After locating the line that contains "Image similar to" in the records below, write out exactly that line and each line after it through the one that contains "Burning My Soul吉他谱", and nothing else.

[RECORDS FOR PROCESSING Boundary: Start]

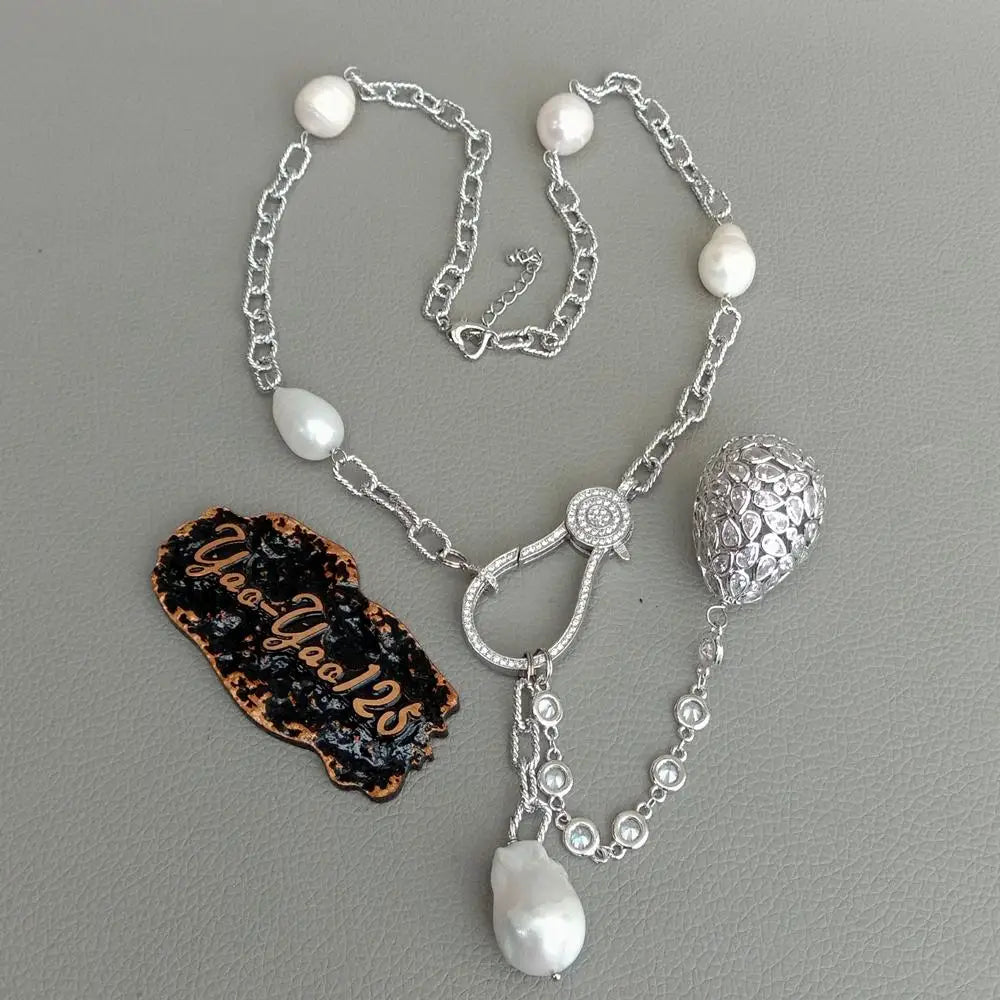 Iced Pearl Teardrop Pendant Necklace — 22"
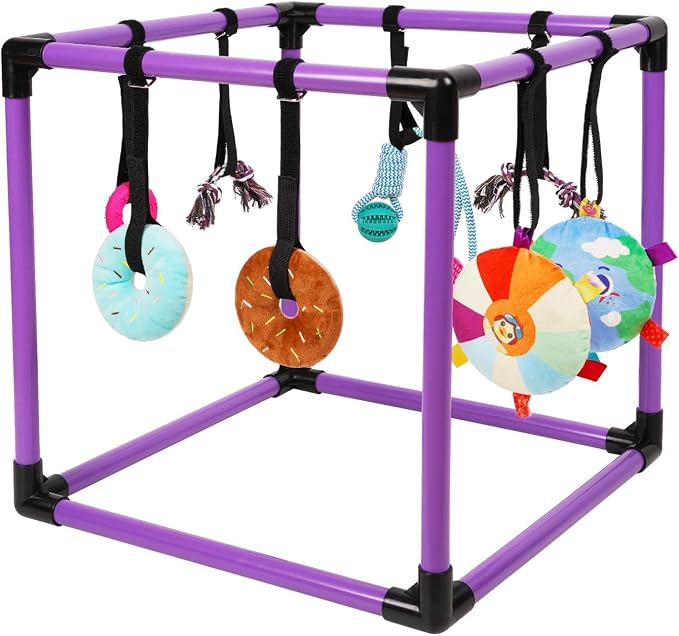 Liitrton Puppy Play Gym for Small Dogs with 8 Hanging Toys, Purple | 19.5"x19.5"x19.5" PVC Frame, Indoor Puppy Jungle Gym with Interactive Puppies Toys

[RECORDS FOR PROCESSING Boundary: End]
[RECORDS FOR PROCESSING Boundary: Start]

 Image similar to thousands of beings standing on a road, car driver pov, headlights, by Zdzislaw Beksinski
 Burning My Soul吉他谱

[RECORDS FOR PROCESSING Boundary: End]

▶ _SOLUTION TO THIS EXERCISE_
 Image similar to thousands of beings standing on a road, car driver pov, headlights, by Zdzislaw Beksinski
 Burning My Soul吉他谱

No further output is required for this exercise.